Opel beendet Autobau in Bochum: „Das war längst überfällig“

Frankfurt/Bochum (dpa) - Es ist ein schwarzer Tag für die Opelaner in Bochum. In ihrem Werk rollt in vier Jahren das letzte Auto vom Band. Es wird ein Zafira-Minivan sein. Anschließend ist nach mehr als einem halben Jahrhundert mit der Produktion ganzer Fahrzeuge Schluss.

Die Mitarbeiter sind aufgebracht und enttäuscht. Das ohnehin vom Strukturwandel schwer getroffene Ruhrgebiet verliert weitere bis zu 3000 Jobs. Und doch, sagen Experten, ist die Entscheidung richtig.

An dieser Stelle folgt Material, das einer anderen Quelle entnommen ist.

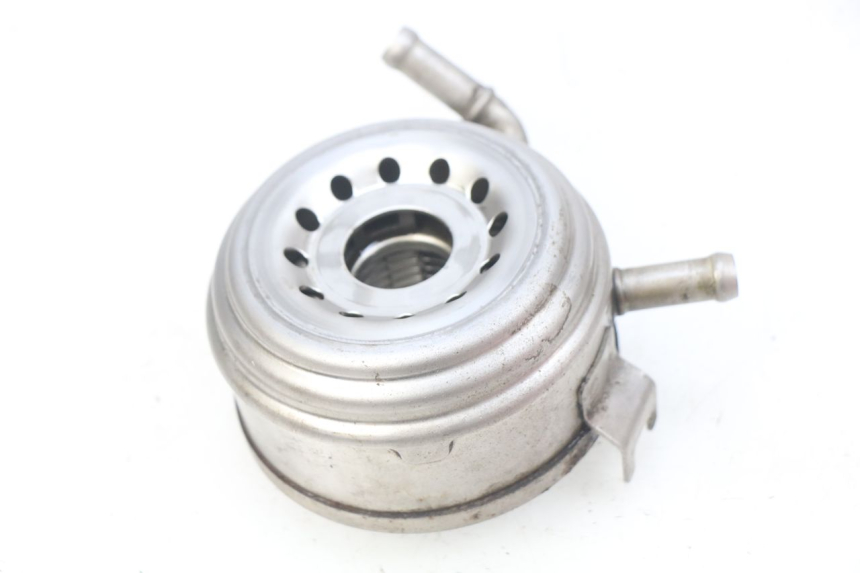 photo de OIL COOLER HONDA CBR RR FIREBLADE 900 (1992 - 1994)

Denn Opel verkauft viel weniger Autos, als die Werke hergeben. Und das schon seit Jahren. „Ich möchte daran erinnern, dass auch im Spitzenjahr 2007 Opel in Europa keine Vollauslastung hatte. Wir können weiter träumen, von tollen Märkten. Oder wir können der Realität ins Auge schauen“, sagt Opel-Interimschef Thomas Sedran: „Wenn wir so weiter machen wie in den vergangenen zehn Jahren, wird es nicht besser.“ Im Klartext: Wenn jetzt nicht die Reißleine gezogen wird, könnte es irgendwann für alle Standorte zu spät sein.

Denn Bänder, die nur zeitweise laufen, kosten trotzdem Geld - was seit Jahren zu den massiven Verlusten beiträgt, die Opel einfährt. Der in den USA sitzende Mutterkonzern General Motors rechnet alleine in diesem Jahr in seinem Europageschäft mit einem operativen Minus von umgerechnet bis zu 1,4 Milliarden Euro.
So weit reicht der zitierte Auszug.